• RECORDS PROVIDED:
== Segment start ==

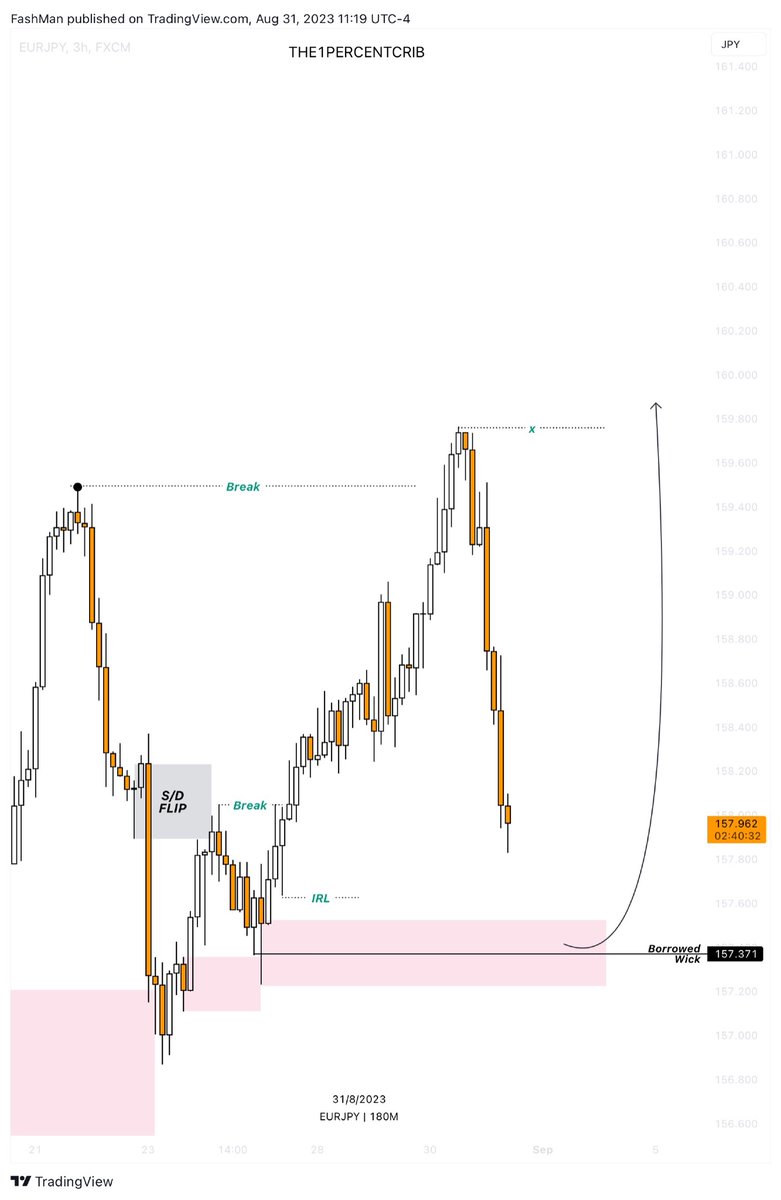 FashmanDAS's tweet image. #EURJPY Idea.

#SubmitToTime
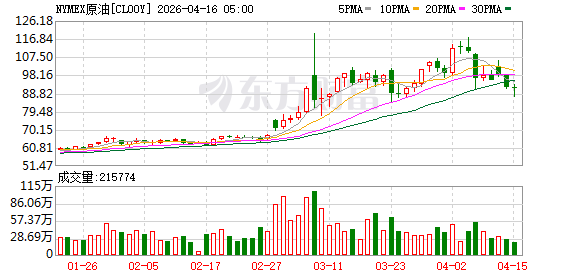 WTI原油期货涨幅扩大至3% 报97.5美元/桶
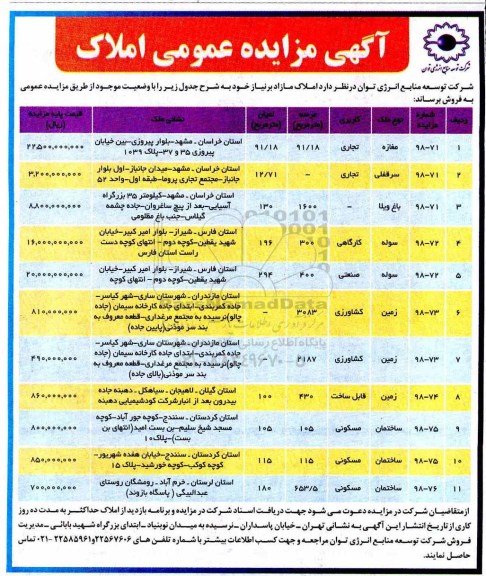 مزایده ،مزایده فروش املاک مازاد کاربری تجاری و صنعتی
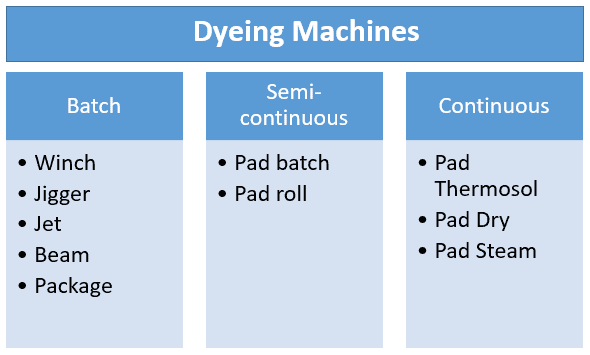 Dyeing Machines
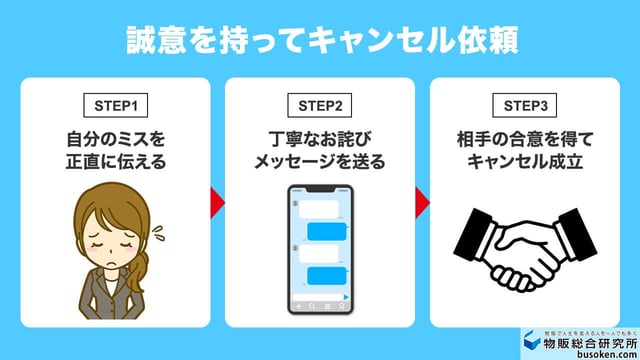 2. 購入者に取引キャンセルを相談する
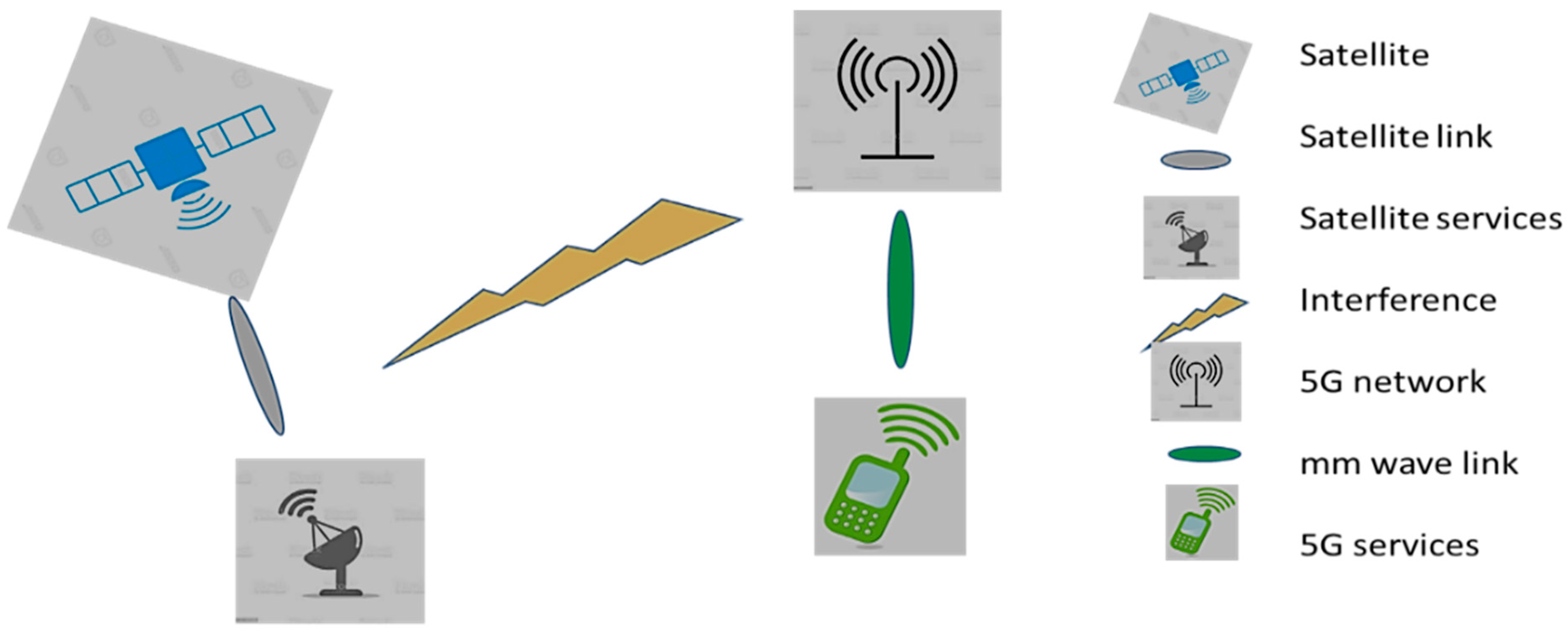 Telecom 06 00023 g007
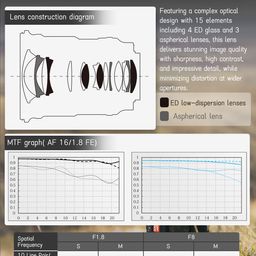 Viltrox 16mm F1.8 Pro Level Wide Angle Autofocus Lens with LCD Screen, Compatible with Full-Frame Sony E-Mount Mirrorless Cameras Alpha a7 a7II a7III a7R a7RII a7RIII a7RIV a7S a7SII a9 a7C image 4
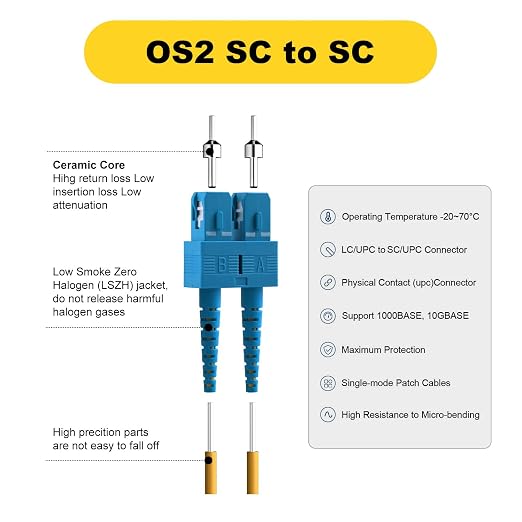 FiberPrime- OS2 SC to SC Single Mode Fiber Patch Cable, Duplex Singlemode - Image 3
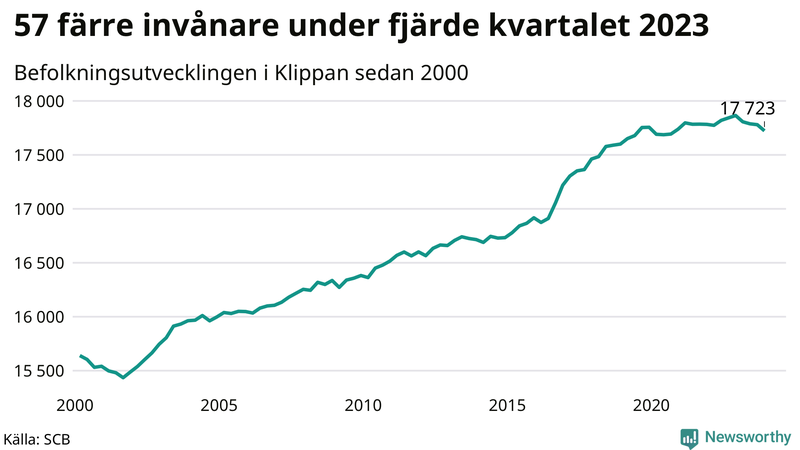 Antal invånare i slutet av varje kvartal sedan 2000 i Klippan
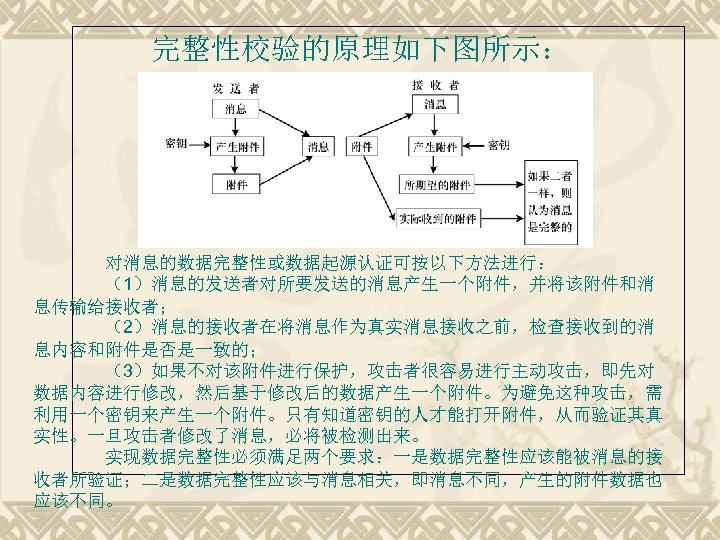 完整性校验的原理如下图所示： 对消息的数据完整性或数据起源认证可按以下方法进行： （1）消息的发送者对所要发送的消息产生一个附件，并将该附件和消 息传输给接收者； （2）消息的接收者在将消息作为真实消息接收之前，检查接收到的消 息内容和附件是否是一致的； （3）如果不对该附件进行保护，攻击者很容易进行主动攻击，即先对 数据内容进行修改，然后基于修改后的数据产生一个附件。为避免这种攻击，需 利用一个密钥来产生一个附件。只有知道密钥的人才能打开附件，从而验证其真 实性。一旦攻击者修改了消息，必将被检测出来。 实现数据完整性必须满足两个要求：一是数据完整性应该能被消息的接 收者所验证；二是数据完整性应该与消息相关，即消息不同，产生的附件数据也 应该不同。 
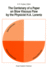 The Centenary of a Paper on Slow Viscous Flow By T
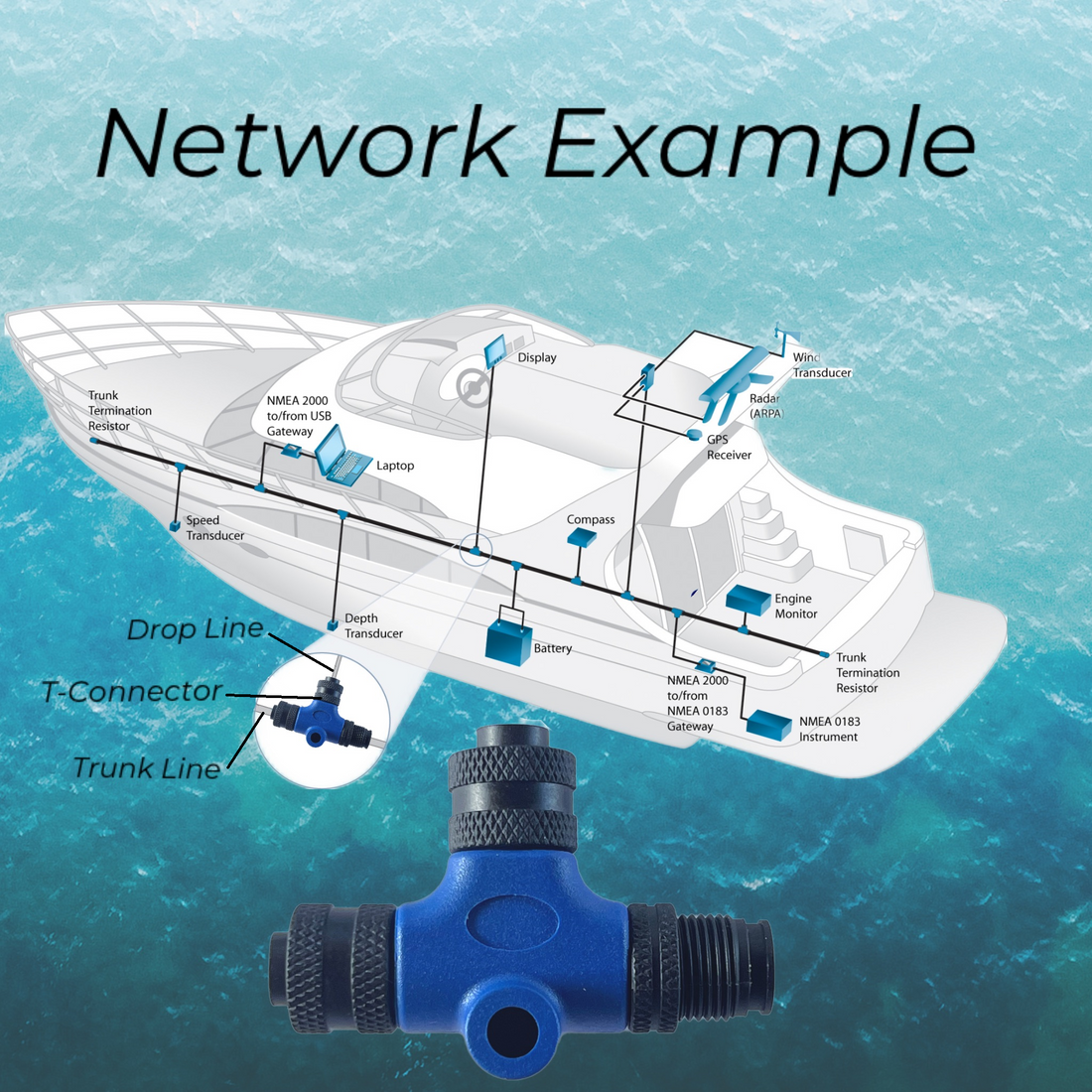 NMEA 2000 Starter Kit Set example network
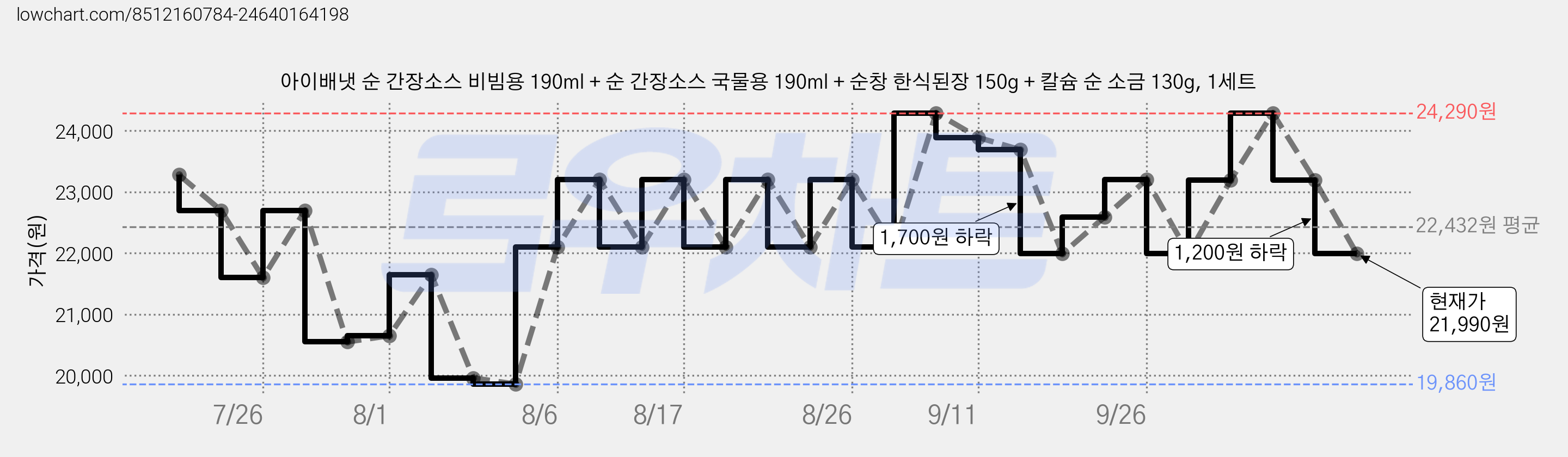 아이배냇 순 간장소스 비빔용 190ml + 순 간장소스 국물용 190ml + 순창 한식된장 150g + 칼슘 순 소금 130g, 1세트 가격 변동 차트, 현재가 21,990원, 관측 최저가 19,860원
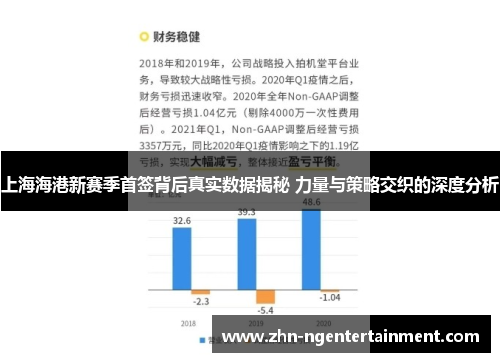 上海海港新赛季首签背后真实数据揭秘 力量与策略交织的深度分析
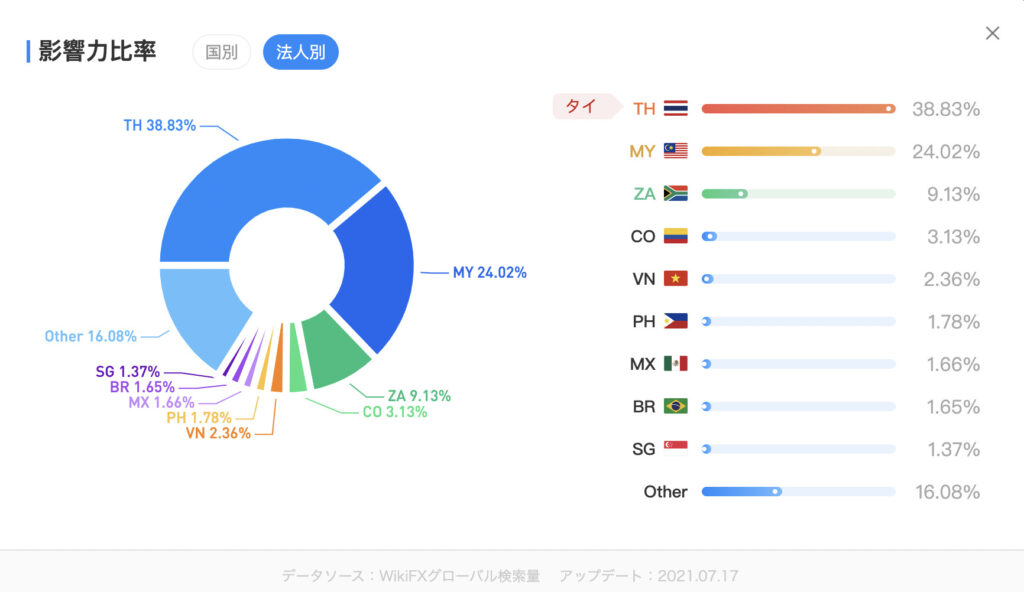 WikiFX XM 展示エリア　法人別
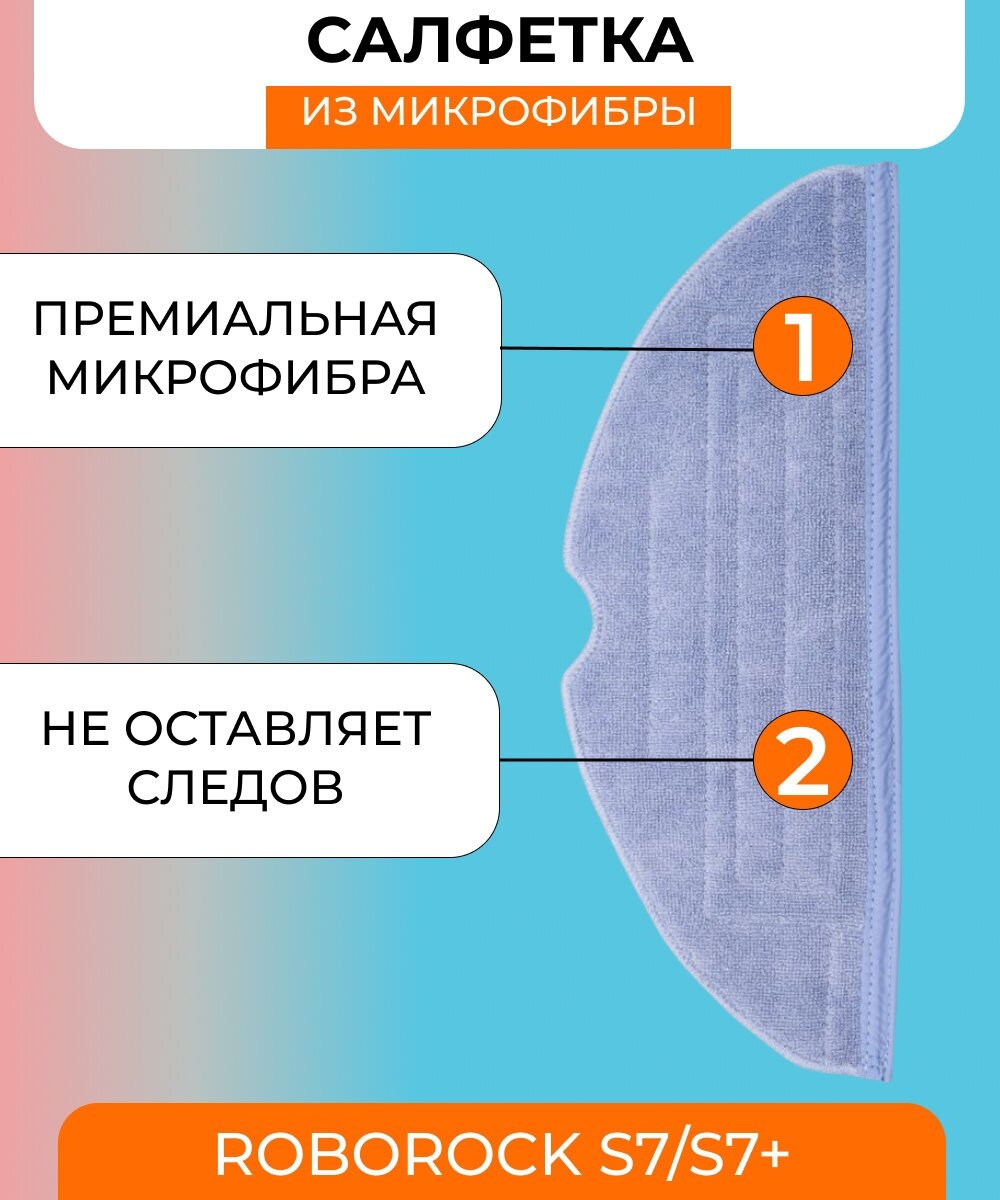 Набор аксессуаров для робота пылесоса Roborock S7/S7+ (тряпка-фибра 5 шт., основная силиконовая щетка 1 шт., боковая щетка 2 шт., нера-фильтр 2 шт) - фотография № 4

== Segment end ==

• YOUR ASSIGNMENT:
Could you write out exactly the lines from the line containing "FiberPrime- OS2 SC" to the end of the material, and nothing else? No pictures belong in the copy.

• RESULT OF THIS EXERCISE:
 FiberPrime- OS2 SC to SC Single Mode Fiber Patch Cable, Duplex Singlemode - Image 3
 Antal invånare i slutet av varje kvartal sedan 2000 i Klippan
 完整性校验的原理如下图所示： 对消息的数据完整性或数据起源认证可按以下方法进行： （1）消息的发送者对所要发送的消息产生一个附件，并将该附件和消 息传输给接收者； （2）消息的接收者在将消息作为真实消息接收之前，检查接收到的消 息内容和附件是否是一致的； （3）如果不对该附件进行保护，攻击者很容易进行主动攻击，即先对 数据内容进行修改，然后基于修改后的数据产生一个附件。为避免这种攻击，需 利用一个密钥来产生一个附件。只有知道密钥的人才能打开附件，从而验证其真 实性。一旦攻击者修改了消息，必将被检测出来。 实现数据完整性必须满足两个要求：一是数据完整性应该能被消息的接 收者所验证；二是数据完整性应该与消息相关，即消息不同，产生的附件数据也 应该不同。 
 The Centenary of a Paper on Slow Viscous Flow By T
 NMEA 2000 Starter Kit Set example network
 아이배냇 순 간장소스 비빔용 190ml + 순 간장소스 국물용 190ml + 순창 한식된장 150g + 칼슘 순 소금 130g, 1세트 가격 변동 차트, 현재가 21,990원, 관측 최저가 19,860원
 上海海港新赛季首签背后真实数据揭秘 力量与策略交织的深度分析
 WikiFX XM 展示エリア　法人別
 Набор аксессуаров для робота пылесоса Roborock S7/S7+ (тряпка-фибра 5 шт., основная силиконовая щетка 1 шт., боковая щетка 2 шт., нера-фильтр 2 шт) - фотография № 4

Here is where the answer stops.